**Exercise directions**
Please repeat exactly the lines below from the line with "Let me paint" to the line with "Fold-up or folding", including both, and leave out every picture.

**Data for review**
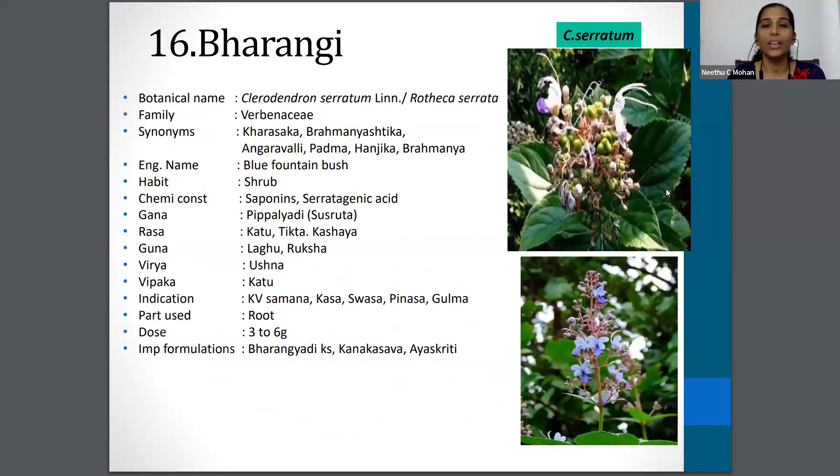The next drug is Varni. The botanical name is Clerodendron serratum from the Verbenaceae family and the synonyms are Patma, Hanjiga, Angaravalli etc. The English name is Blue Fountain Bush and the part used is Root. Dosage is 3 to 6 gram.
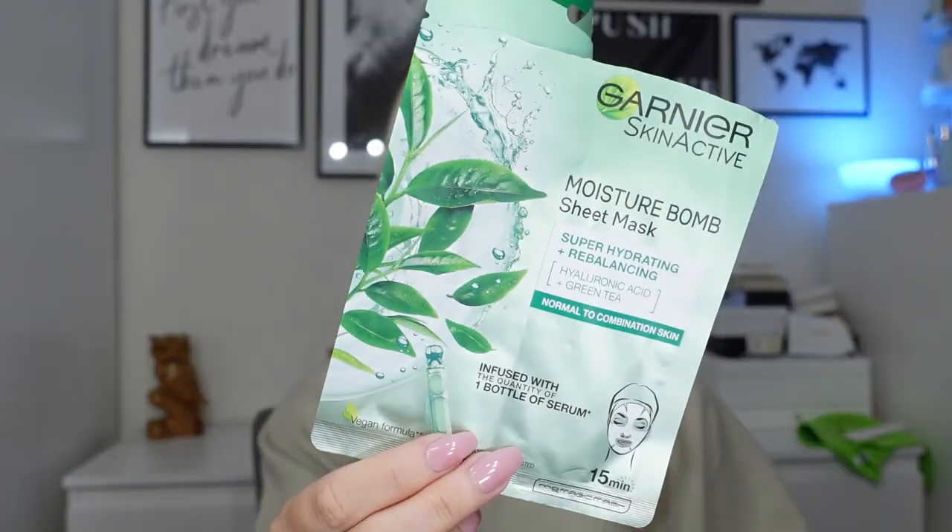Next I used a lip mask from Patchology — a jelly mask you pop over your lips. I do really like this brand for masks. This one really hydrates my lips. If my lips are a little dry, these are really really nice, would use again 100%. Next I've got the Garnier Moisture Bomb Sheet Mask. I bought this for holiday but ended up using it when I got back. There's so much serum in it — it says infused with the quantity of one bottle of serum. Hyaluronic acid and green tea. Nothing bad to say, I liked it.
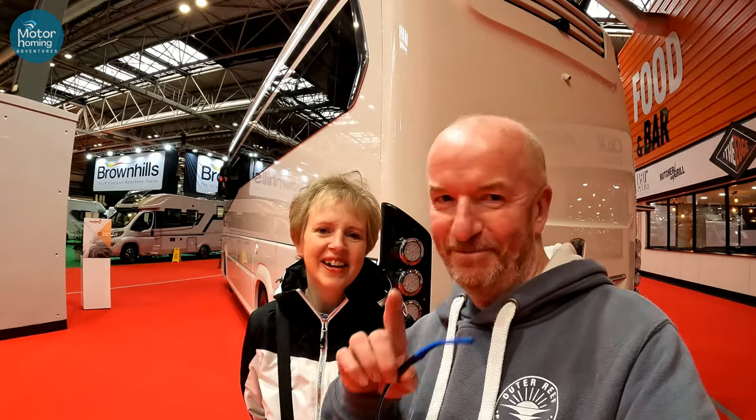Anyway guys, look out for some of the other films from the motor show here — from the Caravan and Motorhome show. Got two or three others on the channel, if they're not on there yet they will be very soon. Thanks for watching and we'll see you again at another part of the show. Bye — don't forget to subscribe. Bye!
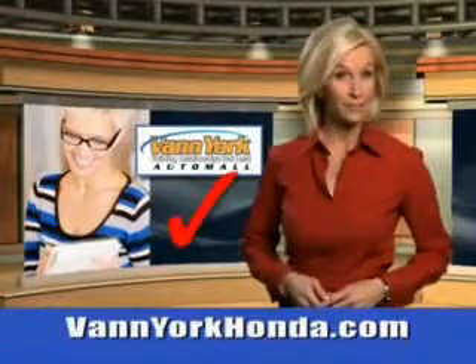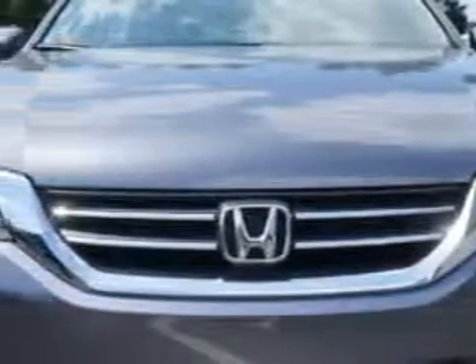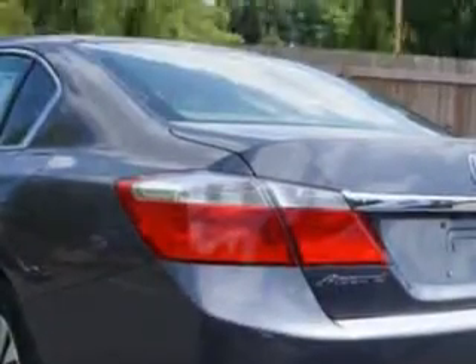Every year more and more Triad buyers put Van York Honda on their shopping list. You will love this modern steel metallic 2014 Honda Accord Sedan LX equipped with a 4 cylinder engine and a CVT transmission.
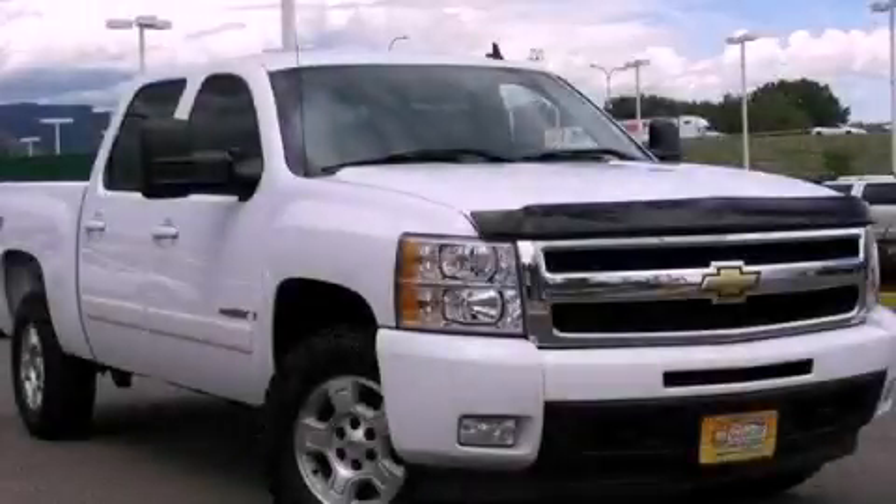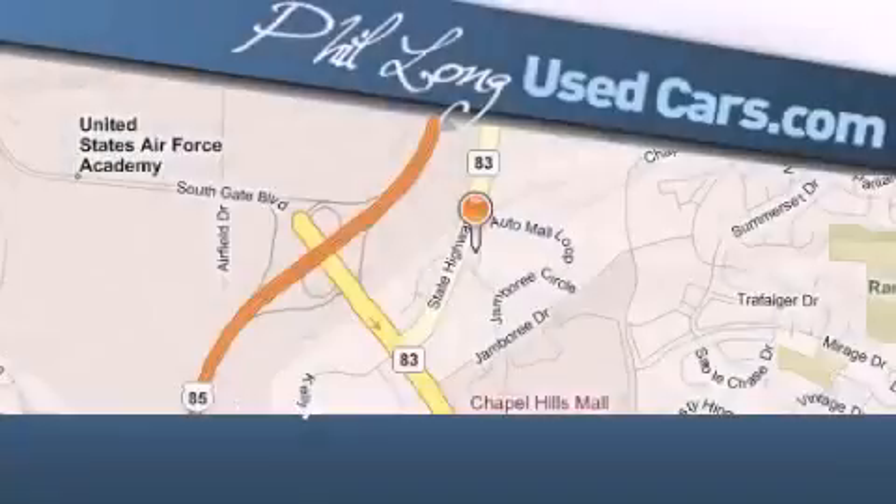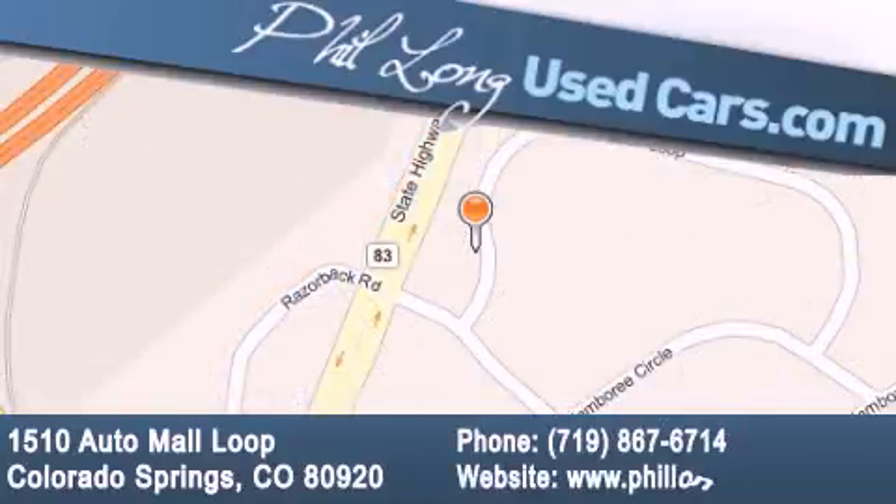Contact us today to arrange your test drive. Phil Long Used Cars is located at 1510 Auto Mall Loop in Colorado Springs. Our goal is to exceed all of your expectations to ensure that you'll return for future visits.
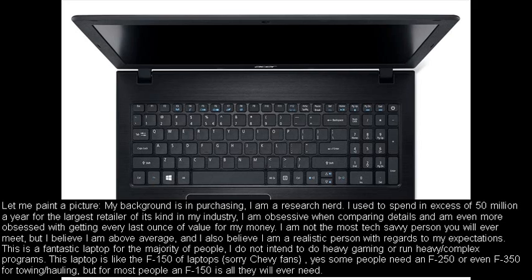Let me paint a picture. My background is in purchasing. I am a research nerd. I used to spend in excess of 50 million a year for the largest retailer of its kind in my industry. I am obsessive when comparing details and am even more obsessed with getting every last ounce of value for my money. I am not the most tech-savvy person you will ever meet, but I believe I am above average, and I also believe I am a realistic person with regards to my expectations.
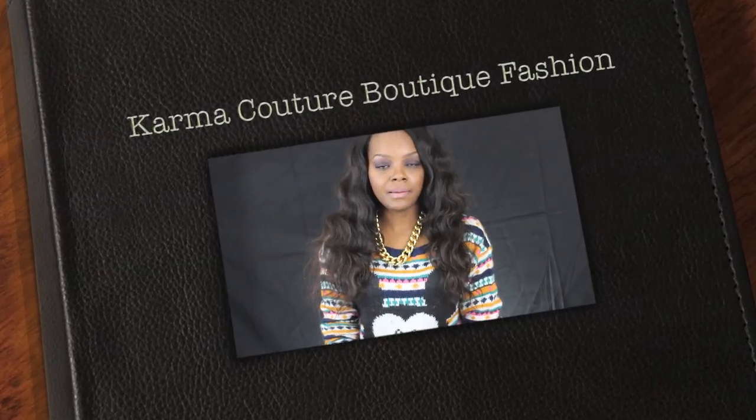Hey everybody, what's up? It's Kiki and I am coming at you guys today to show you guys some things that I got from Karma Couture Boutique — y'all know my favorite online accessory boutique, and becoming my favorite online trendy clothing site as well.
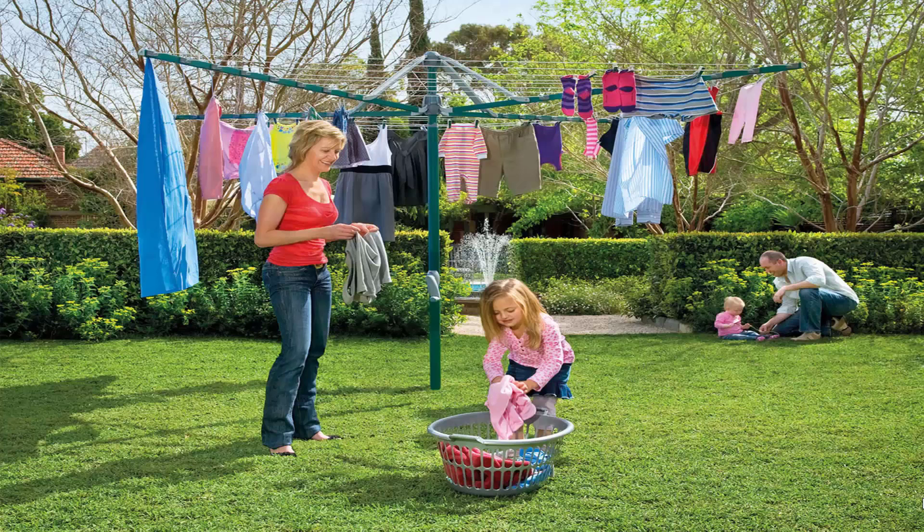Fold-up or folding rotary clotheslines are the most popular style of rotary clotheslines today in Australia. These units can be folded away when not required, as they have a plastic ground socket that goes into the ground. This allows the clotheslines to be removed after installation, so you can fold them away if you're having a party or a game of cricket or soccer.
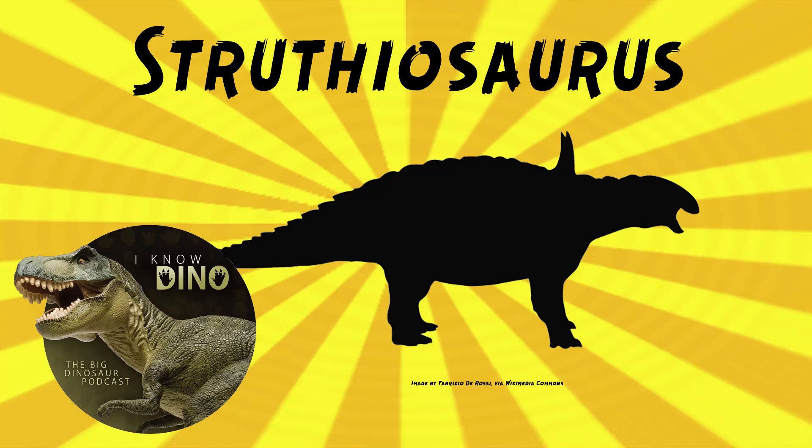And now on to our dinosaur of the day, Struthiosaurus, which was a request from Paleo Mike 716 via our Patreon and Discord. It was a nodosaurid dinosaur that lived in the late Cretaceous in what is now Austria, Romania, France, Spain, and Hungary. Not to be confused with the Ornithomimid Struthiomimus, which was way more bird-like.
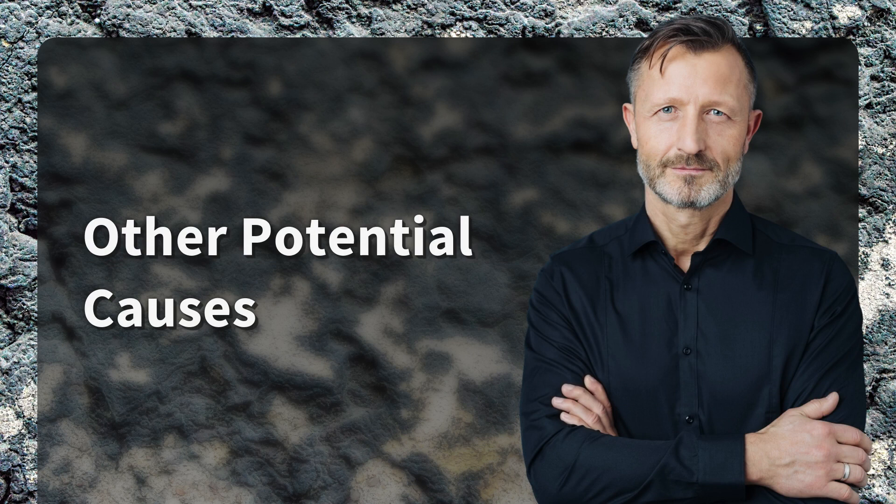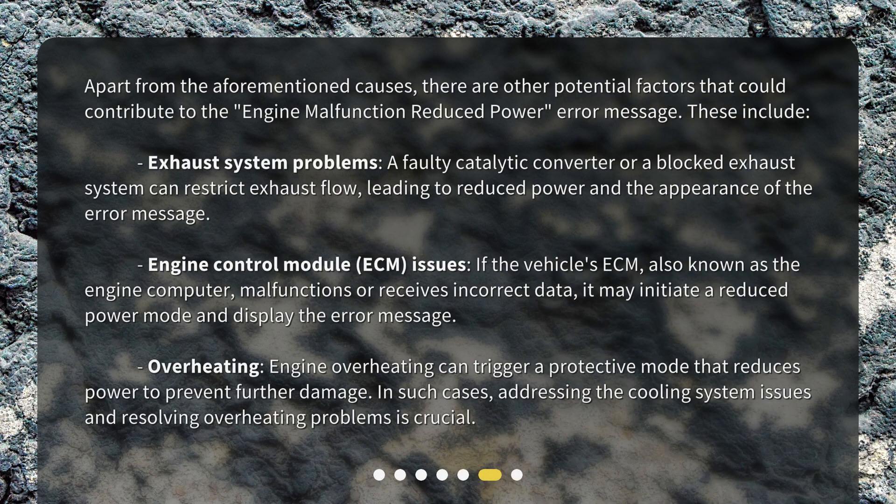Other Potential Causes. Apart from the aforementioned causes, there are other potential factors that could contribute to the engine malfunction reduced power error message. These include exhaust system problems — a faulty catalytic converter or a blocked exhaust system can restrict exhaust flow, leading to reduced power and the appearance of the error message. Engine Control Module issues: if the vehicle's ECM, also known as the engine computer, malfunctions or receives incorrect data, it may initiate a reduced power mode and display the error message. Overheating: engine overheating can trigger a protective mode that reduces power to prevent further damage, and addressing the cooling system issues and resolving overheating problems is crucial.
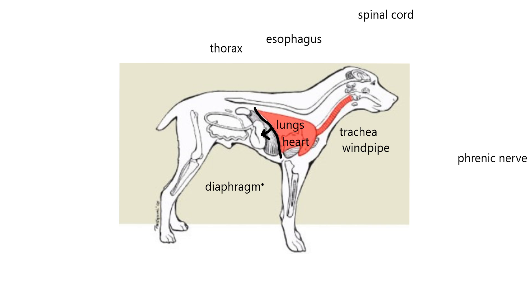Now I want to talk about the phrenic nerve. The phrenic nerve is the nerve that carries messages from the brainstem to the diaphragm, and it tells the diaphragm when to contract.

**Expected answer**
Let me paint a picture. My background is in purchasing. I am a research nerd. I used to spend in excess of 50 million a year for the largest retailer of its kind in my industry. I am obsessive when comparing details and am even more obsessed with getting every last ounce of value for my money. I am not the most tech-savvy person you will ever meet, but I believe I am above average, and I also believe I am a realistic person with regards to my expectations.
Hey everybody, what's up? It's Kiki and I am coming at you guys today to show you guys some things that I got from Karma Couture Boutique — y'all know my favorite online accessory boutique, and becoming my favorite online trendy clothing site as well.
Fold-up or folding rotary clotheslines are the most popular style of rotary clotheslines today in Australia. These units can be folded away when not required, as they have a plastic ground socket that goes into the ground. This allows the clotheslines to be removed after installation, so you can fold them away if you're having a party or a game of cricket or soccer.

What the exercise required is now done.